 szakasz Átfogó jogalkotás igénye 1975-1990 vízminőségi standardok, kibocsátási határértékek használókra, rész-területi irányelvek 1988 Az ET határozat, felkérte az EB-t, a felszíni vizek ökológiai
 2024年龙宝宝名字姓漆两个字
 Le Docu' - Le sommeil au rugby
---
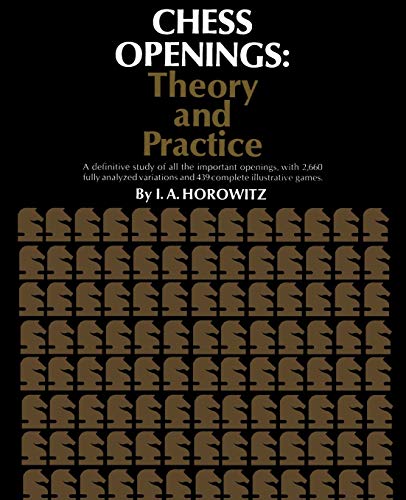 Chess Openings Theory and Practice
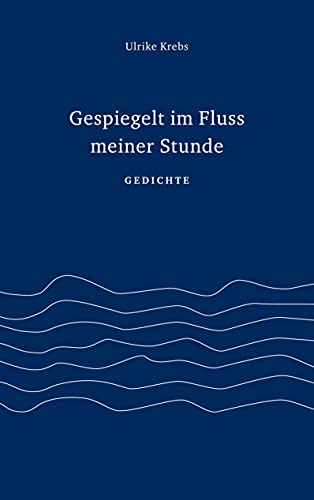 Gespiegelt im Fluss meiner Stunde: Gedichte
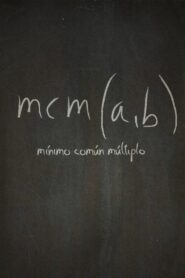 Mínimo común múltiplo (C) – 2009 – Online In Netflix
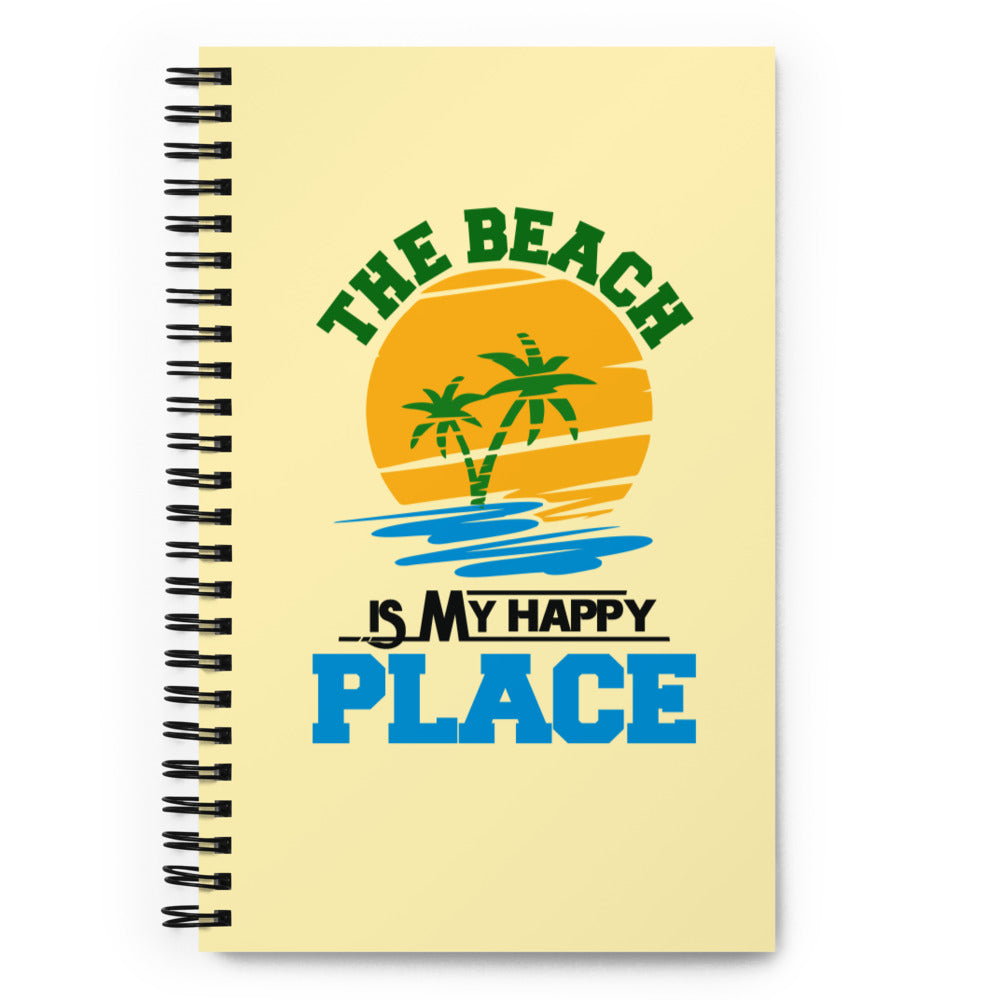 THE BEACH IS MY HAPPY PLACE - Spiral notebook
...
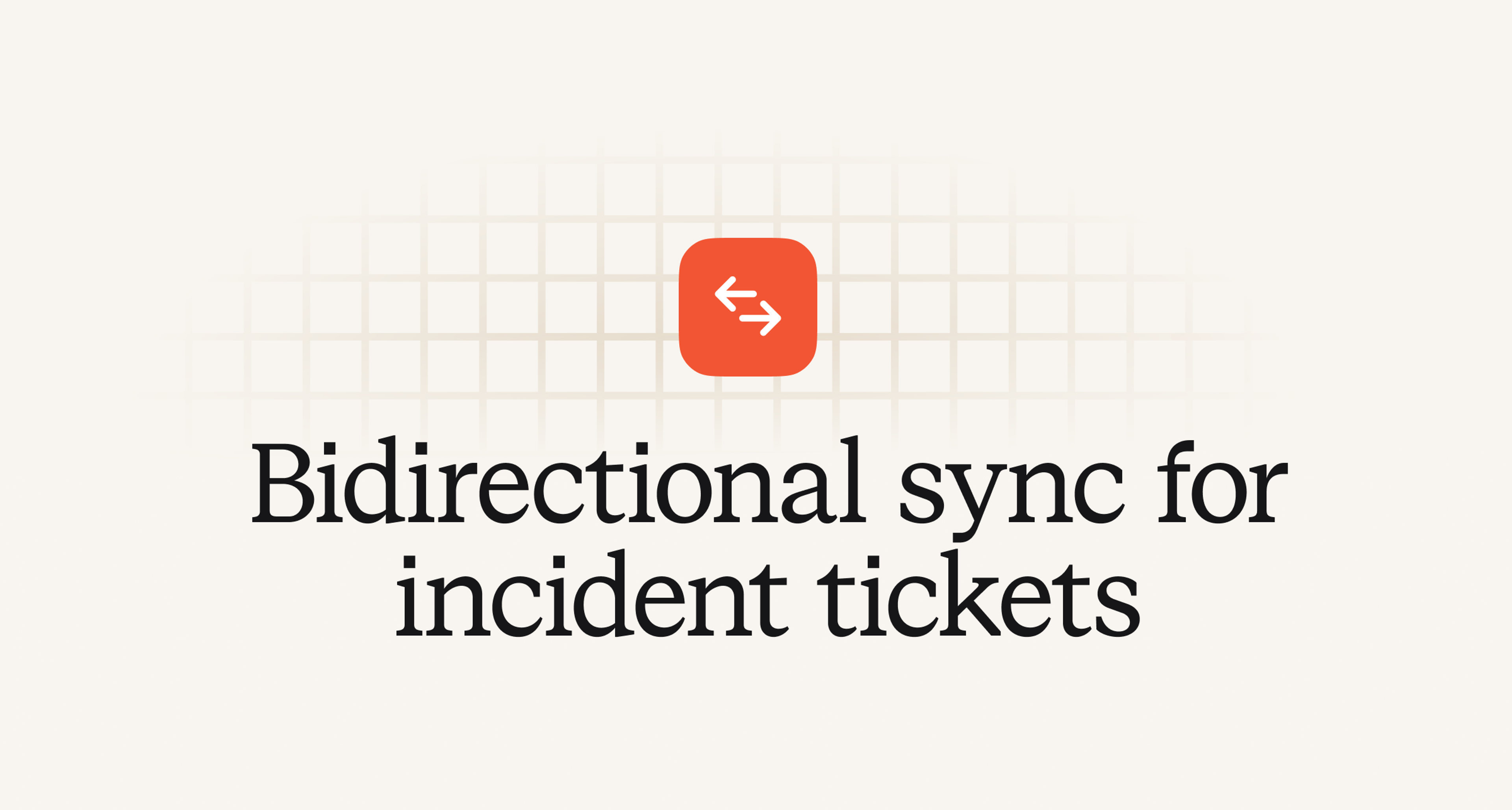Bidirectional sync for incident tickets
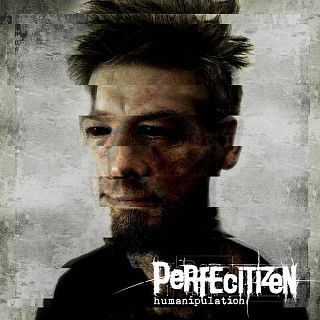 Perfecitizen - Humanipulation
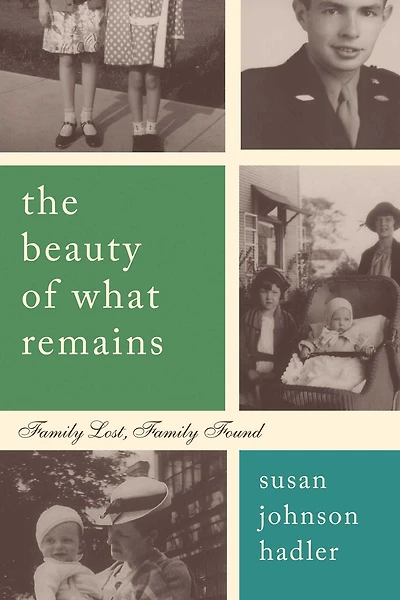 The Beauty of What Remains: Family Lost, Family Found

EXERCISE DESCRIPTION:
Among the records above, repeat exactly the line with "szakasz Átfogó jogalkotás", the line with "Le Docu' - Le sommeil au rugby", and every line in between, and only those.

TASK RESPONSE:
 szakasz Átfogó jogalkotás igénye 1975-1990 vízminőségi standardok, kibocsátási határértékek használókra, rész-területi irányelvek 1988 Az ET határozat, felkérte az EB-t, a felszíni vizek ökológiai
 2024年龙宝宝名字姓漆两个字
 Le Docu' - Le sommeil au rugby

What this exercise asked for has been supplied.